The venue for our performance was a medium-size theater. Although designed for musical performances, it included an almost semi-circle stage, which would allow interaction between the performers and the audience. The setting was perfect for Magpie and Trust to become one with the audience during the course of our almost two-hour-long joint performance. The performance at the Bimhuis was indeed a great challenge for our improvisational style of dance and music.
The performance opened with a program by the Trust Dance Company. The audience as well as the musicians and dancers were soon overwhelmed with delight, while the first 20-minute program was presented. In the second program, which was greeted by enthusiastic applause, three dancers each from Magpie and Trust performed in wondrous harmony to the music played by Magpie musicians. The audience was clearly delighted that this kind of harmony could result from the dancers and musicians, despite the obvious differences in our appearances and backgrounds.
Following a 15-minute intermission, the third program was presented.
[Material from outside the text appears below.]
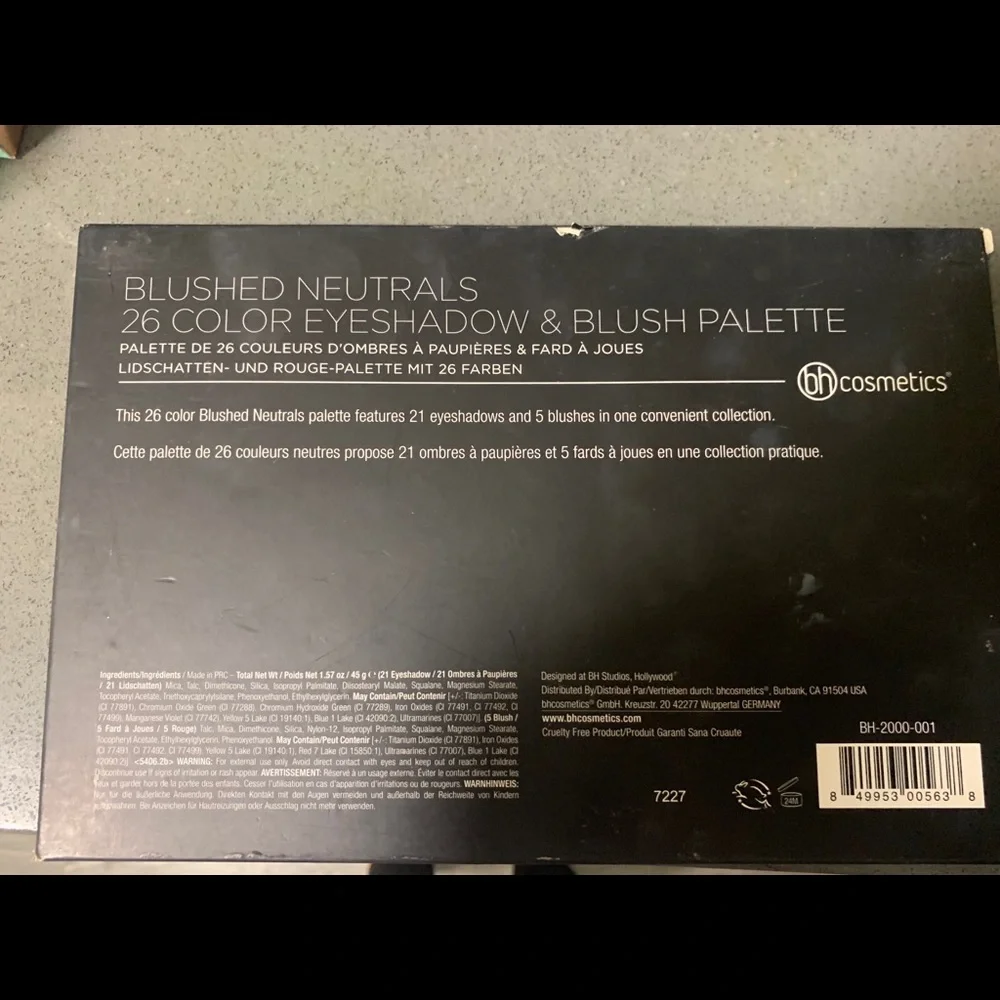 BH Cosmetics 26 Color Eyeshadow and Blush Palette, Fall Makeup Palette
This could be regarded the highlight of the performance in which all of the dancers and musicians performed together. The first two musicians on the stage, geomungo player Shim Eun-yong and well-known drummer Han, launched into a medley of improvisational music that created a sense of excitement among the audience. With all the performers on stage, the order and chaos existed for and by itself, while everyone in the theater became one, through the universal language of music. Much of the audience remained in the lobby to congratulate us, well after the performance.



Fantastic Performance
Lavish praise can make us feel somewhat uncomfortable. But the compliments from the Dutch audience, who thoroughly enjoyed and participated in the performance, left us with a memorable sense of pride, humility, and gratitude, unlike our performances in Korea.
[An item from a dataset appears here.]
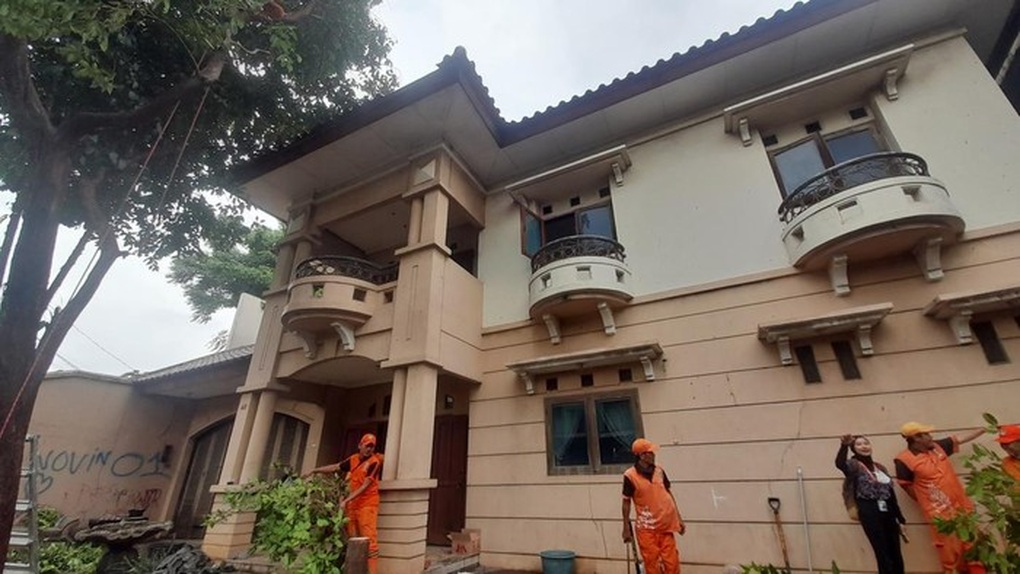 12 năm sống không điện, nước của nữ đại gia trong biệt thự ở Indonesia - 1 12 năm sống không điện, nước của nữ đại gia trong biệt thự ở Indonesia - 1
The following day, a “Wonderland” performance, an improvisational dance program organized by Magpie for children, was presented. Over the years, the Trust Dance Company has also staged improvisational dance programs for children, physically challenged individuals, and the general public. Magpie is similar to Trust in several regards, including their programs and thoughts on dance. These two improvisational dance companies, on opposite sides of the world, have unknowingly been sharing a variety of characteristics.
By participating in Magpie’s programs and activities during our stay in the Netherlands, we were able to share and learn so many things. This included a workshop on Korea’s traditional mask dance that we conducted for the Dutch performing arts and cultural community on January 14. During this four-hour-long workshop, the basic principles of Korean dance were introduced, which helped the workshop participants to experience and understand aspects of Korea’s improvisational dance.
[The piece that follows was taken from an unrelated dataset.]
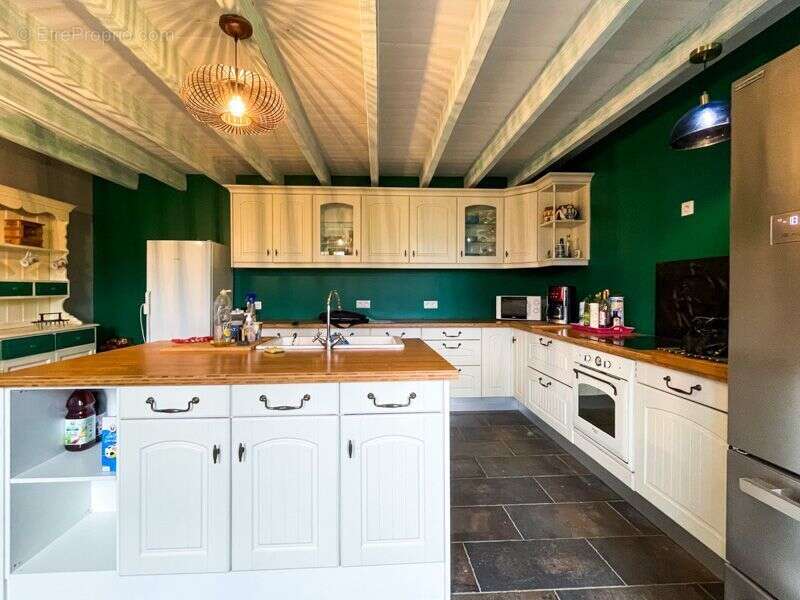 Maison à CHEF-BOUTONNE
There was only so much that we could do during our brief stay. But improvisation has a latent power, which enables us to transcend our acquired knowledge, based on our intuitive senses. Learning about Korean dance and seeing the elation of the performers, the people there might have sensed the fields of Korea’s countryside with their open-minded perceptiveness. To the sounds of the taepyeongso, wafting in the breeze, and the janggo’s rhythmic beating reverberating into the ground, is it somehow possible for this music from Korea to be reaching our cohorts in the Netherlands?